I'm interested in what that guess is based on, however, since I can't
imagine where 1-10us of self-generated jitter from an ethernet switch
would come from, if not from competing traffic.  A well-spec'd piece of
silicon to handle 20 Gbps of full-duplex bandwidth needs to be capable
of processing about 40 million packet arrivals per second, or about
one packet every 25 ns.  That's pretty much what is needed to build
a good ~$200, 24 port gigabit ethernet switch. The cheapest hardware
forwarding path to implement, which is generally what you'll find in
there, is a fixed processing pipeline (or pipelines) that takes packets
in at the required rate and spits out the results at that rate delayed by
N chip clock cycles; N might be large (but not too large; N tells you
how many packets it needs to be able to have in process simultaneously
and it is cheaper in logic if you can minimize that number) but it is a
constant.  Your jitter estimate implies that such a switch, even when
not occupied with other traffic, will either sometimes leave a packet
sitting around for between 40 and 400 packet arrival times before getting
around to doing something with it, or else will sometimes do between 40
and 400 packet arrival times worth of extra work to forward the thing.
My experience with this suggests that it is actually easier to build if
it doesn't work like that.  The switch I recently bought for my house,
this one

  <http://www.netgear.com/business/products/switches/prosafe-plus-switches/JGS524E.aspx#>

specifies the total latency (that's total time, not jitter) through the
switch at 4.1 us for 64 byte packets, a precision I expect they
arrived at by just adding up the store-and-forward and fixed pipeline
delays.  Nearly all of the variation in delay is from competing traffic

Even if 1-10us was observed for individual samples, however, that is
still missing the point.  The interesting number is not the variability
of individual samples, it is the stability of the measure of central
tendency derived from many such samples (e.g. the average, if the
variation were gaussian) that is the interesting number.

>> If you add competing
>> traffic, like real life networks, the packet-to-packet variability
>> becomes much worse, but this is sample noise that can be addressed
>> by taking larger numbers of samples and filtering based on the expected
>> statistics of that noise.
> 
> Here lies the big problem. While with GPS we pretty much know what
> the time is that the signal takes to reach earth, we have no clue
> with network packets in a loaded network. We don't even have an
> idea what the packet transmit distribution is in the moment we are
> doing our measurements. Neither the queue length in the router/switch
> nor anything else. And the loading of a switch changes momentarily
> and this in turn changes the delay of our packets. You can of course
> apply math and try to get rid of quite a bit of noise, but you will
> never get rid of it down to ns levels.

?? NTP is a two-way time transfer.  We directly measure how long the
cumulative queue lengths are for the round trip for each sample, and we
hence directly measure how this changes from sample to sample.  There are
also good statistical models for the average behaviour of such queues when
operating at traffic levels where packet losses are rare and where the
bandwidth is not being significantly consumed by a small number of large,
correlated, flows, which is the usual operating state for both local
networks and Internet backbones (it is usually access circuits that are
the problem) and there are heuristics one can use to determine when the
statistics are not likely to be so nice; these are of use when designing
the thing which has the queues.  What we haven't had is hosts and servers
capable of making precise measurements either of packet arrivals and
departures (why is a ping round trip reported to be 200 us or 400 us
when the packet spends less than 50 us in the network between the machines?),
nor of external reference time sources like GPS nor, really, any good
way to measure, and hence improve, the quality of the end result we
want, which is the time on the client's clock.
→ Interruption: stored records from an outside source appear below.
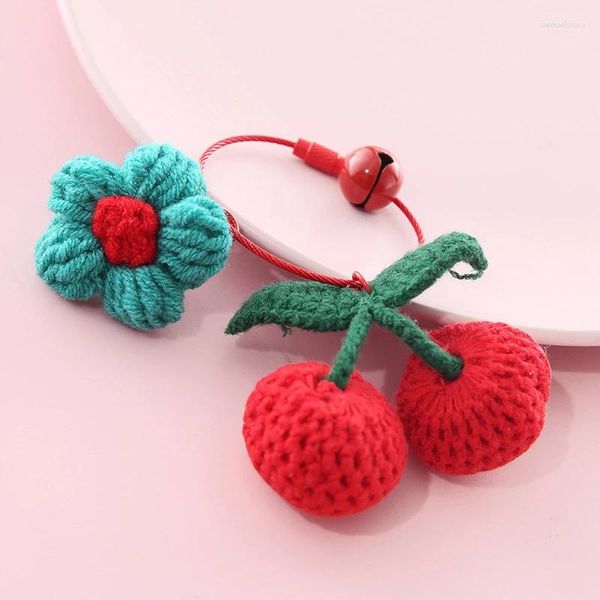 Porte-clés mignon tissé à la main porte-clés créatif kaki cacahuète fraise pendentif porte-clés sac charmes voiture porte-clés bijoux cadeau accessoires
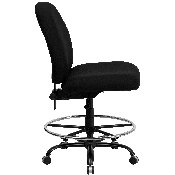 HERCULES Series Big & Tall 400 lb. Rated Black Fabric Ergonomic Drafting Chair with Adjustable Back Height, WL-715MG-BK-D-GG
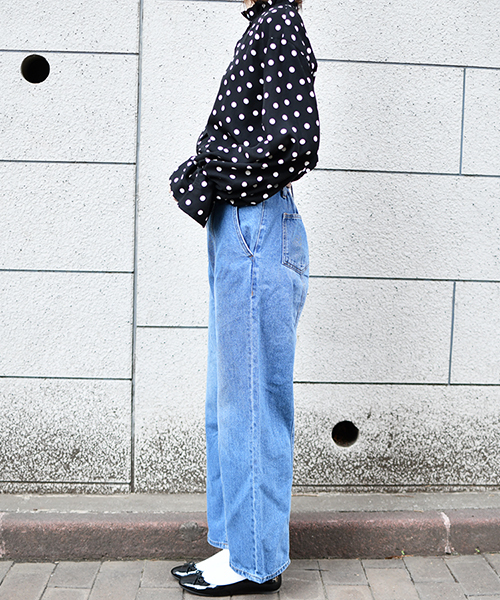 PairPair（ペアペア）の「ハイウエストワイドデニム（デニムパンツ・レディース・ブラック/サックスブルー・MEDIUM/SMALL/LARGE）」の12枚目の写真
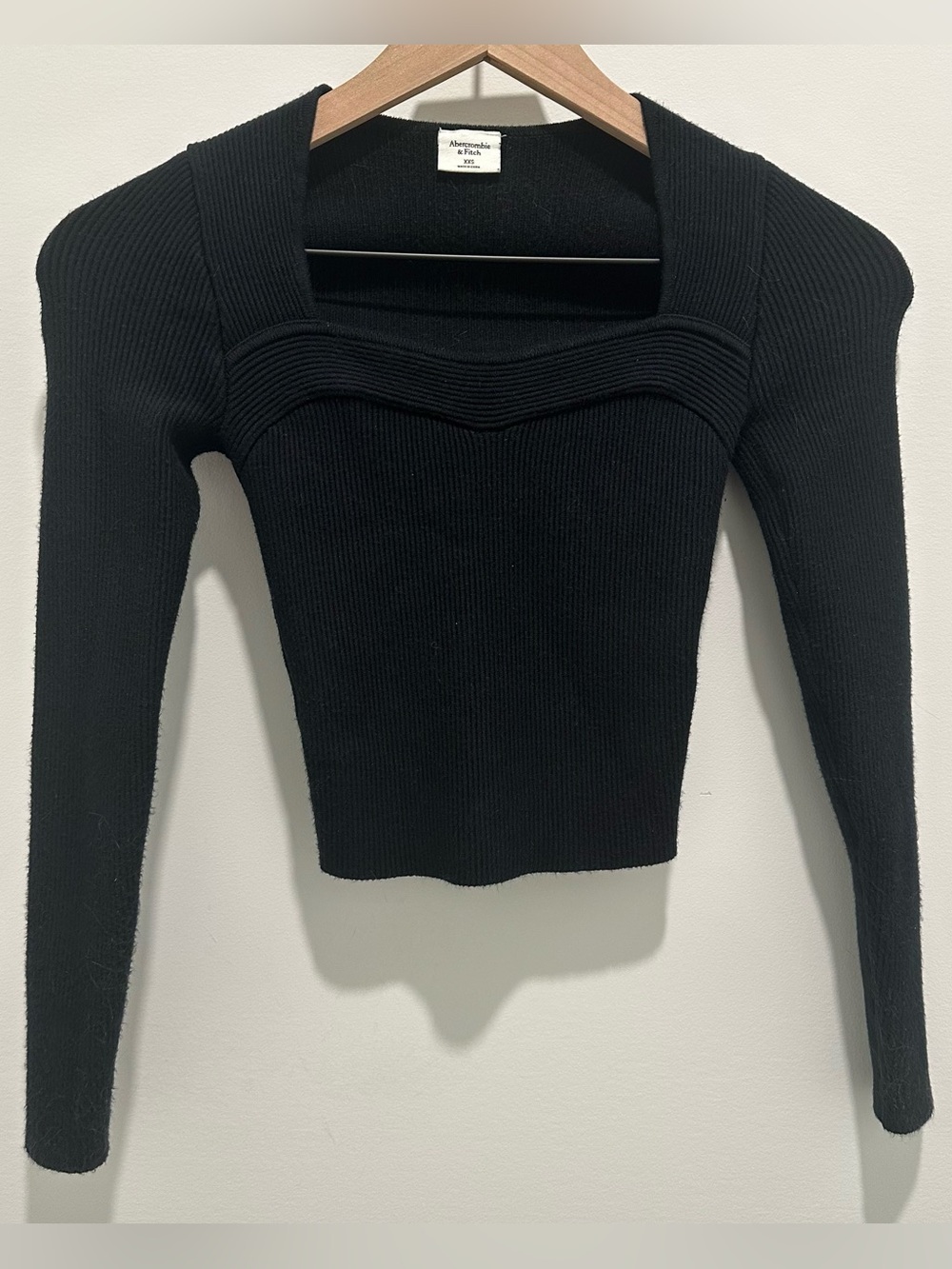 Abercrombie & Fitch Black Ribbed Square-Neck Long Sleeve Top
Since we're now starting to see computers with peripherals which address
some of these measurement problems really well (hardware time stamping
for packets, hardware PPS timestamp capture) at the small 10's of
nanoseconds level, what bothers me is the argument that there is no
use trying to make use of this, other than for timenut bragging purposes,
since NTP can't operate at anywhere near that level.  To me this argument
is near perfect in its circularity.

> If i'm not mistaken, IEEE1588v1 had exactly that problem. They tried to
> use "normal" switches and hoped the jitter would be predictable enough to
> get compensated for. This didnt work out, so v2 now demands that all
> switches act as border clocks

Yes, NTP will never match a properly implemented PTP, but then again the
claims for what a properly implemented PTP can do still leave a lot of
room between there and a microsecond.

While PTP was originally conceived as a consumer networking thing, note that
the major use of PTP, and one driving its design, has turned out to be in
telecommunications networks where the replacement of traditional, finely-clocked,
carrier circuits with ethernet for backhaul has deprived the thing at the far
end of the backhaul circuit (say, a GSM/UMTS base station) of the frequency
reference it formerly relied on.  The requirements for this application are
stringent enough that the failure of 1588v1 to meet them cannot be construed
as saying anything of practical importance about the ability of something
that works like 1588v1 to set your computer's clock, other than it won't do
as well as a well done 1588v2.

>> As this level of synchronization is
>> usually achieved by the brute force method of measuring transit times
>> across every network device on the path from source to destination I
>> have no doubt that what NTP can do will necessarily be worse than this,
>> but I don't know of a basis that would predict whether NTP's "worse"
>> is necessarily going to be 10,000x worse or can be just 10x worse.
>> Knowing that would require actually trying it to measure what can be
>> done.
> 
> You can guestimate that getting below 200us is not easy in a normal
> network, but sub-1ms should be possible unless the network is very loaded.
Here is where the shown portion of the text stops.